State Department rubbishes ‘ignorant’ Blair

0
2446

A POLITICALLY ‘sick’ Prime Minister Blair was yesterday delivered another major blow, this time at the hands of the US State Department, when a leading Department advisor declared that Bush had taken Blair for a ride, and that this is what the so-called special relationship between the US and the UK amounted to.

What was special about the relationship was that the US administration made demands, the UK delivered, but with nothing to show in return for delivering what the US wanted.

This coup de grace for the poseur Blair was delivered by Kendel Myers, a leading State Department advisor, who publicly nailed Blair while giving a public lecture at a prestigious US university on ‘How special is the United States – United Kingdom relationship after Iraq?’

Myers asserted that right from the start of this relationship, called ‘special’ by Churchill in 1946, it had been ‘very one-sided’.

In Myers’ words: ‘There never really has been a special relationship, or at least not one we’ve noticed.’

He added that the Blairite notion of Britain as a trans-Atlantic bridge between the US and Europe is ‘redundant’ and ‘is vanishing before our eyes’.

As a result of the way that Bush had used Blair and effectively destroyed any reputation the Prime Minister may have had, Myers’ fear was that ‘Britain will draw back from the US without moving closer to Europe. In that sense London Bridge is falling down.’

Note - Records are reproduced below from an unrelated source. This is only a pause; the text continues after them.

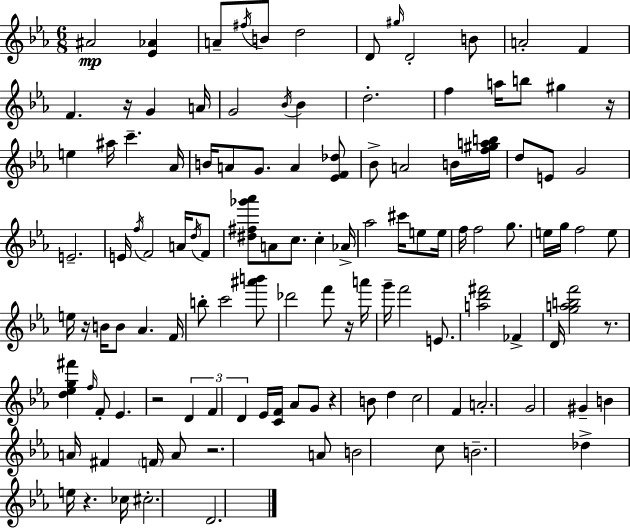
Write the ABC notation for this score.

X:1
T:Untitled
M:6/8
L:1/4
K:Cm
^A2 [_E_A] A/2 ^f/4 B/2 d2 D/2 ^g/4 D2 B/2 A2 F F z/4 G A/4 G2 _B/4 _B d2 f a/4 b/2 ^g z/4 e ^a/4 c' _A/4 B/4 A/2 G/2 A [_EF_d]/2 _B/2 A2 B/4 [f^gab]/4 d/2 E/2 G2 E2 E/4 f/4 F2 A/4 d/4 F/2 [^d^f_g'_a']/2 A/2 c/2 c _A/4 _a2 ^c'/4 e/2 e/4 f/4 f2 g/2 e/4 g/4 f2 e/2 e/4 z/4 B/4 B/2 _A F/4 b/2 c'2 [^a'b']/2 _d'2 f'/2 z/4 a'/4 g'/4 f'2 E/2 [ad'^f']2 _F D/4 [gabf']2 z/2 [d_eg^f'] f/4 F/2 _E z2 D F D _E/4 [CF]/4 _A/2 G/2 z B/2 d c2 F A2 G2 ^G B A/4 ^F F/4 A/2 z2 A/2 B2 c/2 B2 _d e/4 z _c/4 ^c2 D2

Myers however contrasted Blair most unfavourably with his Labour predecessor Wilson.

He said that Wilson gave the most pro-American verbal support possible during the Vietnam war, while taking the greatest care that Britain never got involved.

Myers states that the reason why Blair made the catastrophic mistake that Wilson avoided was that ‘Unfortunately, Tony Blair’s background was as an actor and not a historian.

‘If only he had read a book on the 1920s he might have hesitated.’

While we are prepared to believe that the ‘actor’ Blair never read a book about Britain’s experiences in Mesopotamia in the 1920s when thousands of British troops were killed fighting Iraqi nationalists, we are convinced that if he had it would not have made the slightest difference to British policy.

The issue really is that the ‘special relationship’ was only discovered by Winston Churchill at a time when British imperialism could no longer stand alone against capitalist rivals such as Germany and Japan and desperately needed the support of the United States.

Churchill’s entire policy in relation to the US was to draw it into the war with Germany. He worked at it night and day. This was what was special about this relationship. It was a one-sided love affair.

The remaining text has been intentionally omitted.